Por Wagner Silva Gomes


Studio Méliès


A história do cinema registra que os primeiros filmes eram gravados em uma única cena em plano geral.  A câmara era afixada de frente para o cenário, não captando assim os movimentos e detalhes da cena. Até por isso os franceses responsáveis pelas primeiras películas chamavam o roteiro de cenário. Com isso, o cinema tinha como base a linguagem teatral, que é construída ainda hoje apoiada na recepção da plateia (público) frente ao palco (atores e cenário).

Vitor Manuel Aguiar e Silva, em seu livro Teoria da Literatura, diz que o drama (teatro) é baseado na ação, ou seja, nas tensões momentâneas e imediatas entre os sujeitos. E isso é sugestivo porque o desafio que levou o primeiro cinema a progredir foi justamente se pensar na desconstrução da cena (do ilusionismo de Méliès, passando pelos cem olhos dos construtivistas Russos, ao travelling de Griffith e as inovações contemporâneas). Para isso, era preciso sair do caráter teatral que trazia os planos conjuntos, com atores e cenários de fundo, que eram carregados de informação.

Dessa maneira, se levar em conta que um dos preceitos da lírica (poesia) é aproximar os textos da pintura, pois "a pintura é a poesia: coisas há que de perto mais te agradam e outras, se à distância estiveres. Esta quer ser vista na obscuridade e aquela à viva luz, por não recear o olhar penetrante", como reza o clássico argumento de Horácio, pode-se considerar, também com Vitor Manuel Aguiar e Silva, que a exploração do cenário, adentrando-o de forma minimalista, está nas dimensões do "eu" poético, isto é, no subjetivismo que leva os sentimentos e as sensações refletirem os espaços.

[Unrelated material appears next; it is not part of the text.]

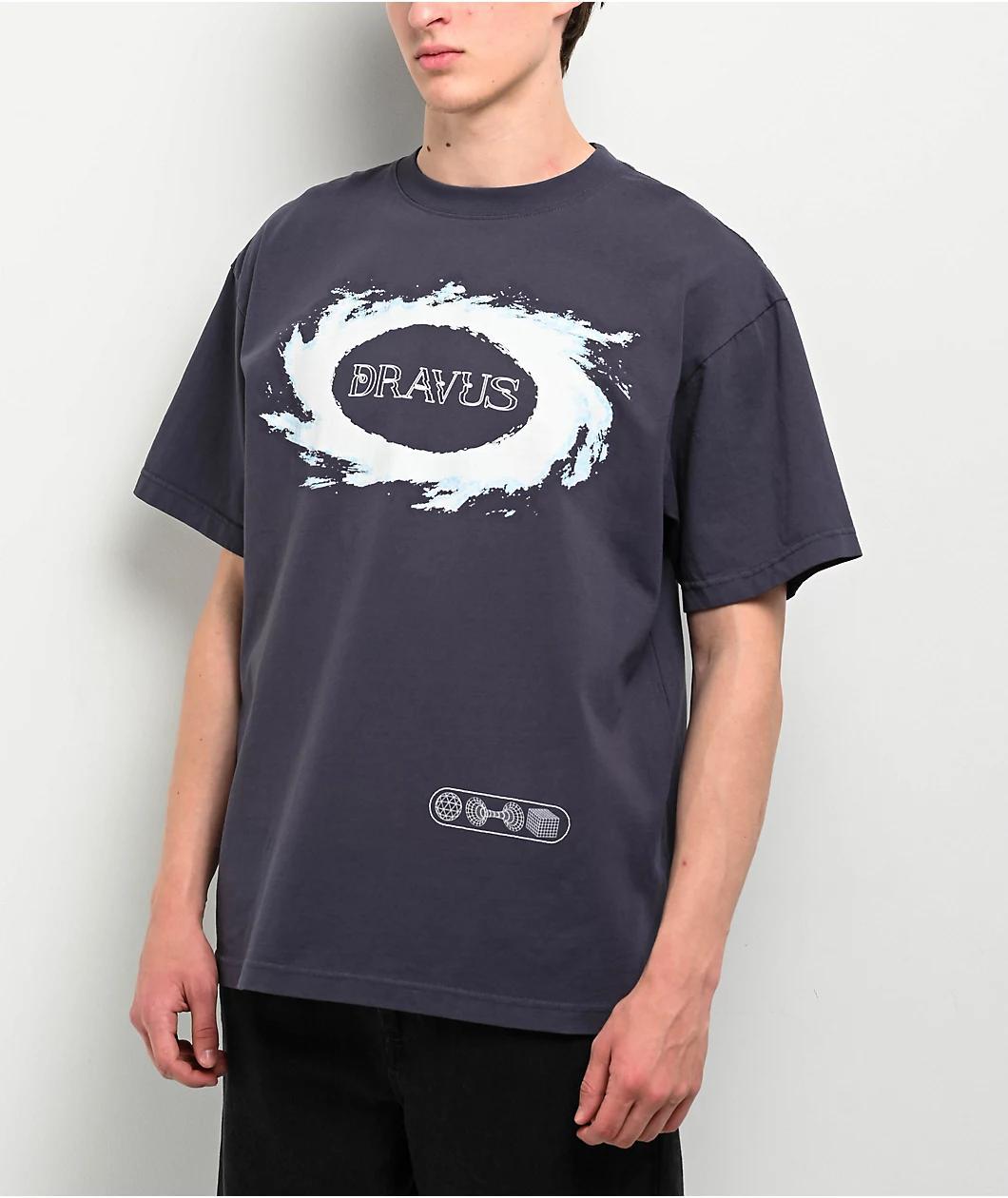 Dravus Release Navy T-Shirt Product Image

Assim, o plano geral foi fragmentado pelo subjetivo, adentrando com a câmara a investigação dos sentimentos dos atores, o que leva às sensações que geram efeitos psíquicos e corporais de caráter universal. É curioso que o cinema europeu, mais especificamente o francês, ainda explore os cenários com que Vitor Manuel Aguiar e Silva chama de caráter mediato, ou seja, quando se estende o tempo de foco no sujeito, como no filme Amor (Michael Haneke, 2012) nos tons frios, na reciprocidade ora inativa, ora de urgência de vida do casal de idosos, que são refletidos também na luminosidade por compensação destacando o escuro, seja do rosto ou dos cômodos da casa, a solidão, no close-up, a pequenez da vida, no plongée, e a grandiosidade da mesma, no contra-plongée.

Com isso, constata-se que o cinema foi se aproximando cada vez mais da literatura, criando assim novos códigos de linguagem adaptados para a tela. O diretor português Manoel de Oliveira utiliza bastante os planos gerais demorando nas cenas refletindo assim a estética do primeiro cinema. A impressão que se tira dos seus filmes é de que ainda que no contemporâneo tenha surgido novos códigos a história familiar ainda guarda sua base patriarcal, as paisagens têm caráter monárquico, as pessoas sozinhas ficam perdidas nas paisagens dos grandes planos. Enfim, o autor utilizando bastante a estética do primeiro cinema cria filmes pertinentes para se pensar o contemporâneo.


Referências

BARTHES, Roland. A câmara clara: nota sobre a fotografia. Tradução de Júlio Castañon Guimarães. Rio de Janeiro: Nova Fronteira, 1984.
GOMES, Wagner Silva. Objeto palavra: um vagar entre matéria e pensamento (na poesia de Casé Lontra Marques). Trabalho de conclusão de curso, UFES, 2011.
HORÁCIO. Arte poética. Tradução de R. M. Rosado Fernandes. Lisboa: Editorial Inquérito Limitada, 1923.
SILVA, Vitor Manuel de Aguiar. Teoria da literatura. Coimbra: Almedina, 1968.